*What the exercise asks*. Write the lines below out exactly, dropping each picture.

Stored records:
• • • •

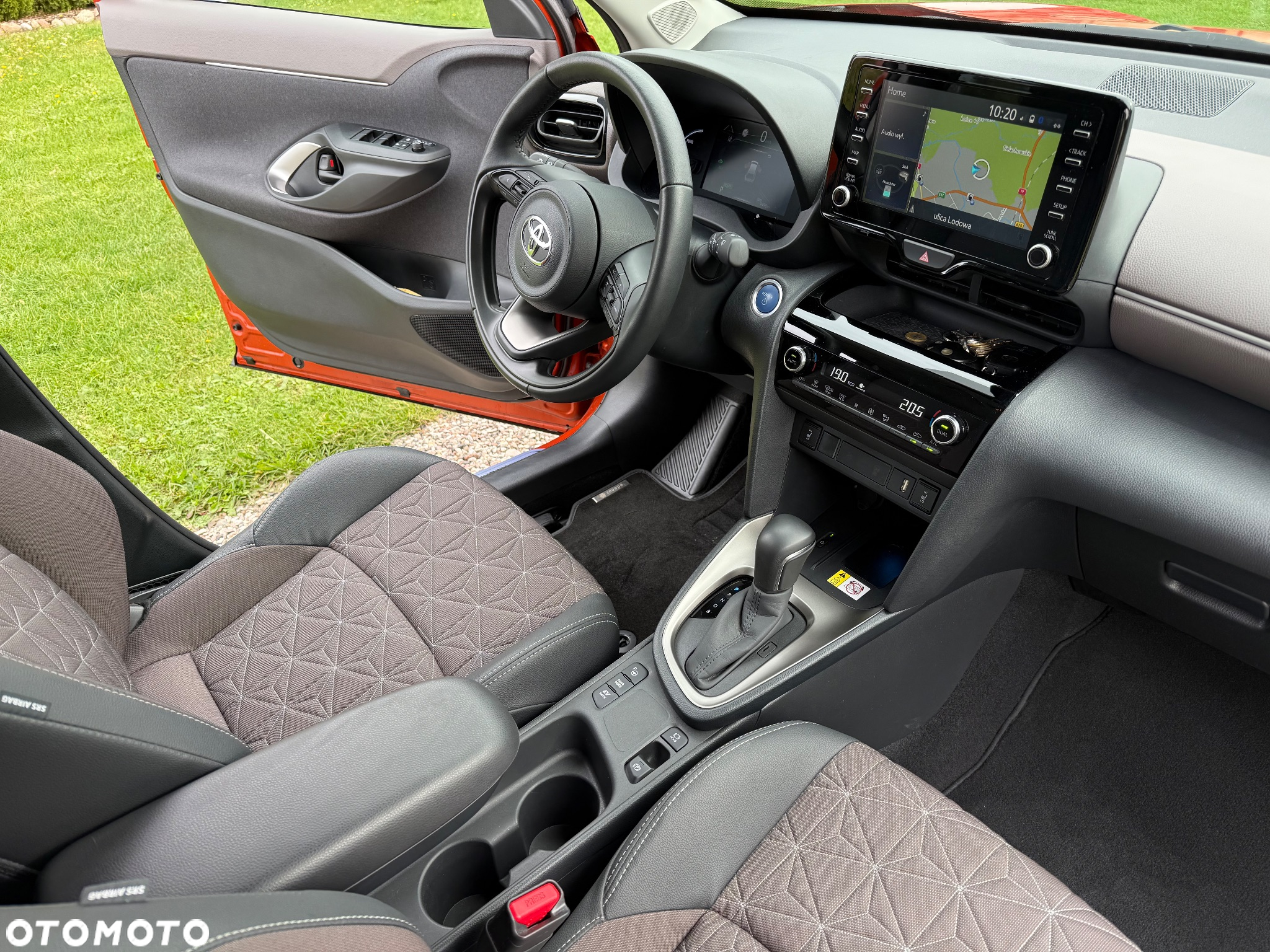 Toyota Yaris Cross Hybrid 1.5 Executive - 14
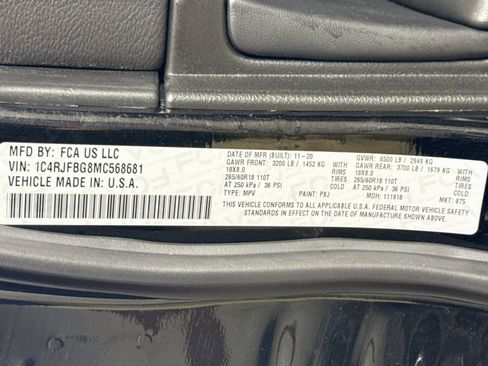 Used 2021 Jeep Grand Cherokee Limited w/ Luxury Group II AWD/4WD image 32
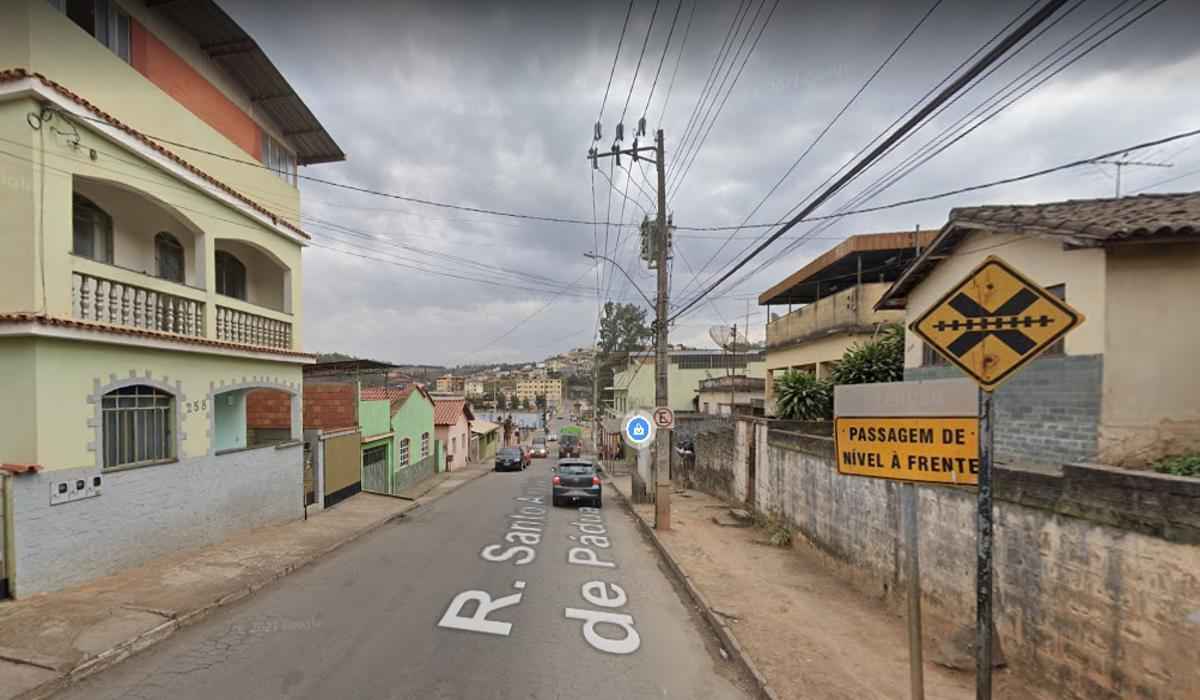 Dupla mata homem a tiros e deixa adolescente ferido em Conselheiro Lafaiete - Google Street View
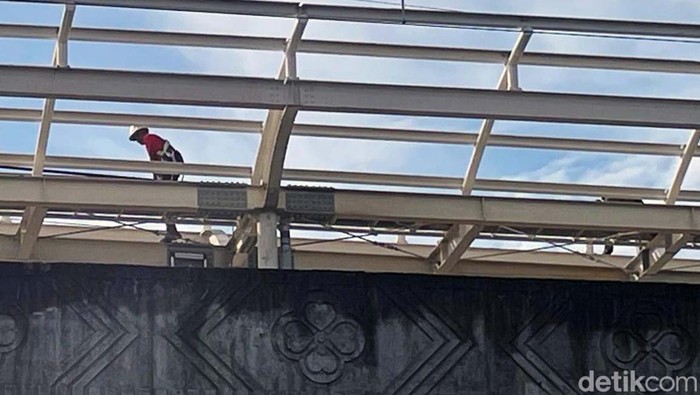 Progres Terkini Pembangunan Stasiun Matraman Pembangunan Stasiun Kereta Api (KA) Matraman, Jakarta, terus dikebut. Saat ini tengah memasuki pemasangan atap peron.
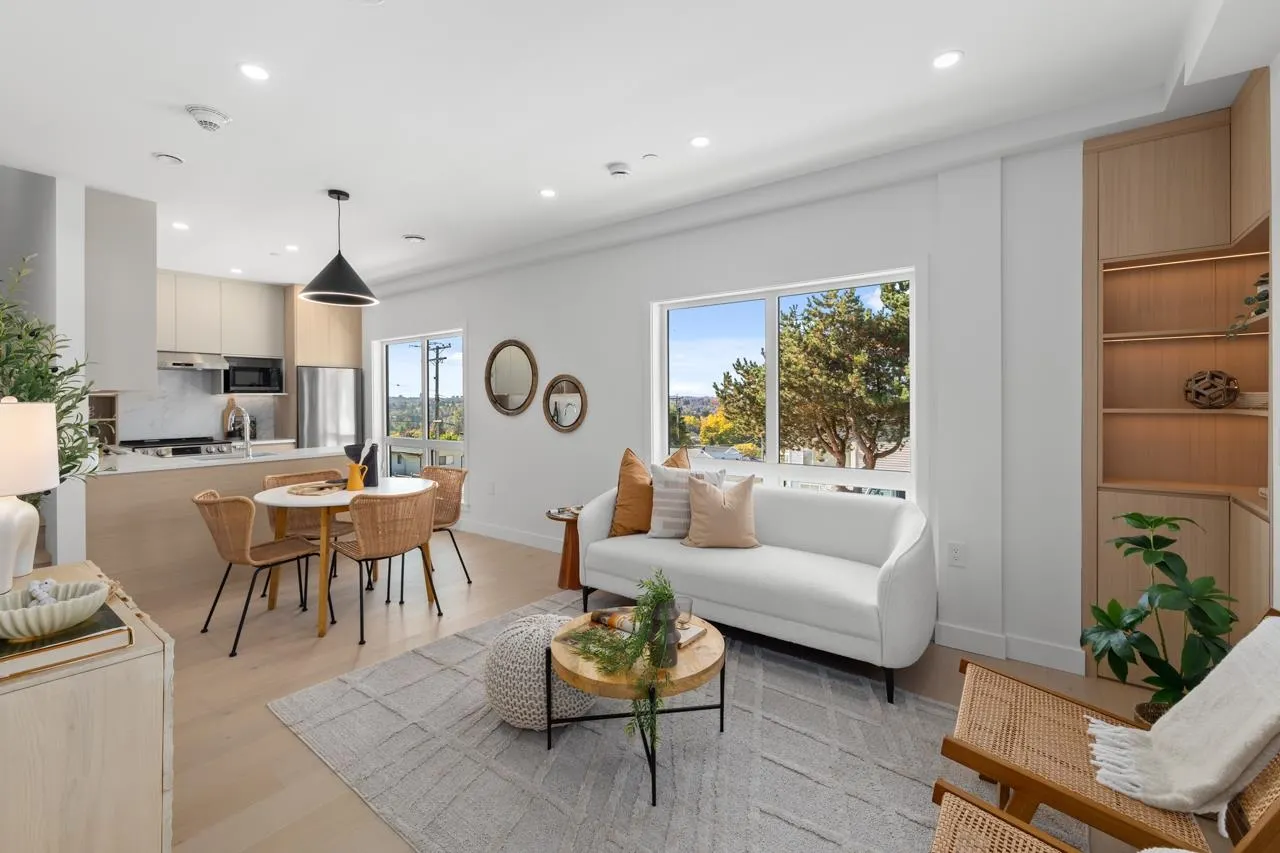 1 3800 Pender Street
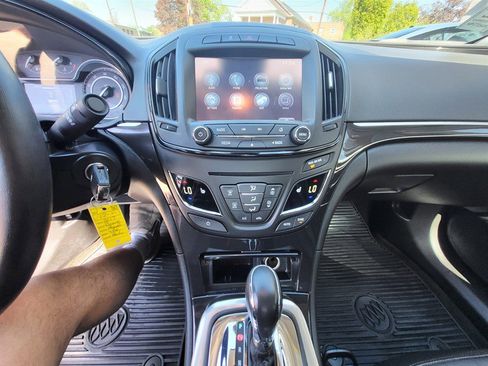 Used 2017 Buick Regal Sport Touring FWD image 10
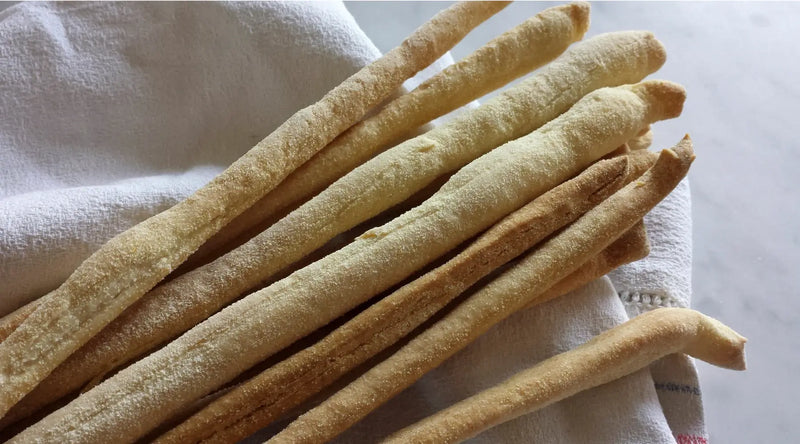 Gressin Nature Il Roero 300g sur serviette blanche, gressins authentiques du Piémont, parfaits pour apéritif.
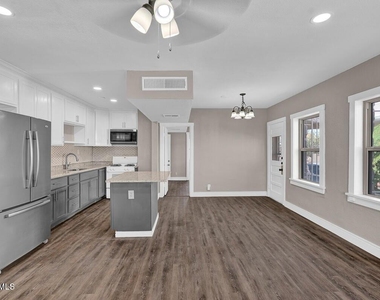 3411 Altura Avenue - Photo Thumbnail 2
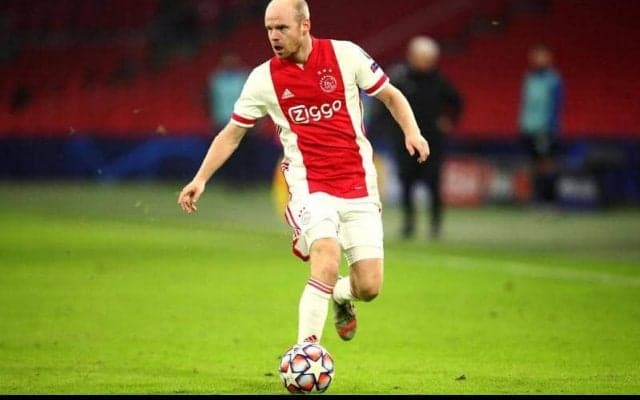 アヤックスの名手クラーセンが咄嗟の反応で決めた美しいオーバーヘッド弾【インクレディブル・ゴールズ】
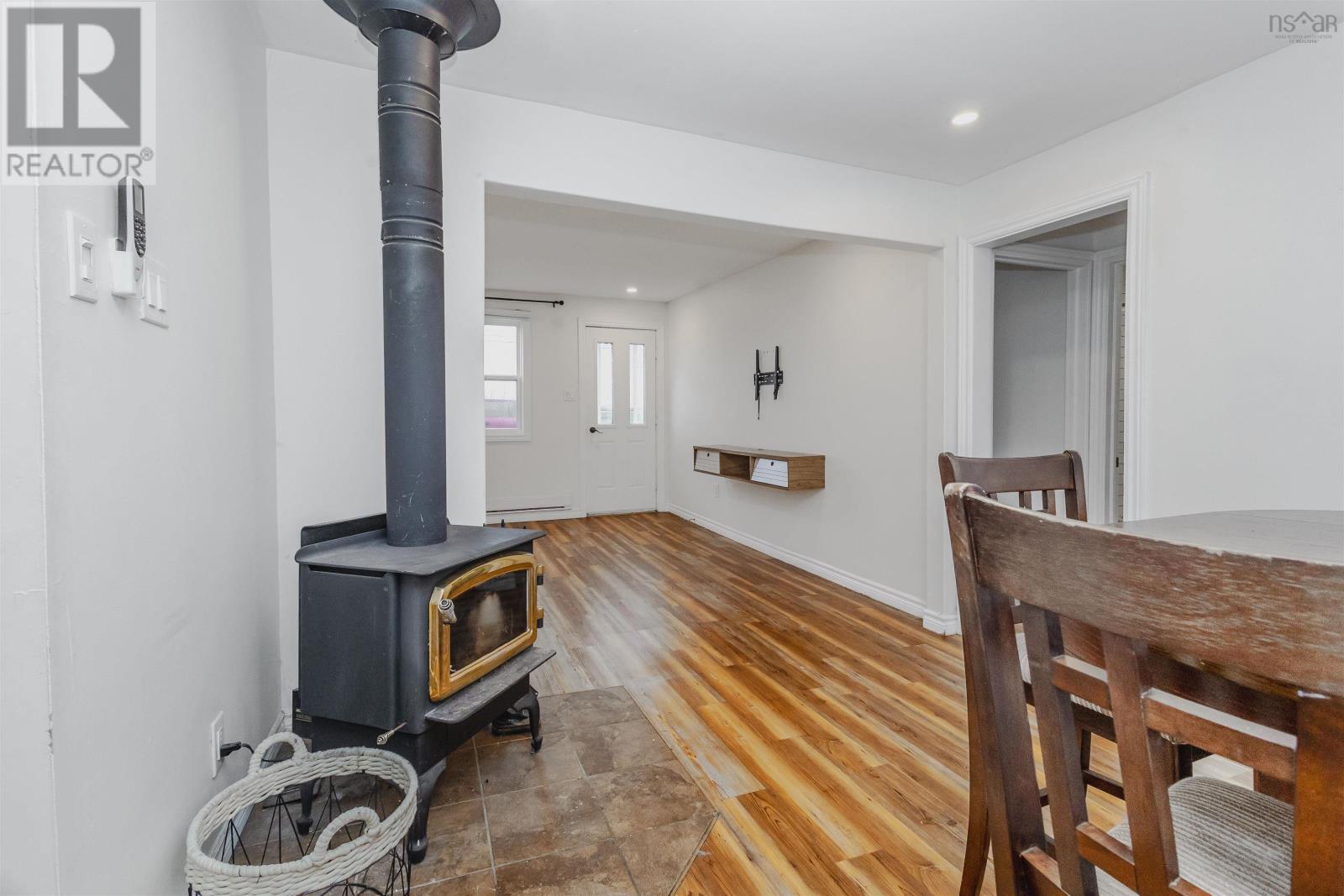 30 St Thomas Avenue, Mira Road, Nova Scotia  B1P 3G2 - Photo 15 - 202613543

• • • •

*Exercise solution*.
 Toyota Yaris Cross Hybrid 1.5 Executive - 14
 Used 2021 Jeep Grand Cherokee Limited w/ Luxury Group II AWD/4WD image 32
 Dupla mata homem a tiros e deixa adolescente ferido em Conselheiro Lafaiete - Google Street View
 Progres Terkini Pembangunan Stasiun Matraman Pembangunan Stasiun Kereta Api (KA) Matraman, Jakarta, terus dikebut. Saat ini tengah memasuki pemasangan atap peron.
 1 3800 Pender Street
 Used 2017 Buick Regal Sport Touring FWD image 10
 Gressin Nature Il Roero 300g sur serviette blanche, gressins authentiques du Piémont, parfaits pour apéritif.
 3411 Altura Avenue - Photo Thumbnail 2
 アヤックスの名手クラーセンが咄嗟の反応で決めた美しいオーバーヘッド弾【インクレディブル・ゴールズ】
 30 St Thomas Avenue, Mira Road, Nova Scotia  B1P 3G2 - Photo 15 - 202613543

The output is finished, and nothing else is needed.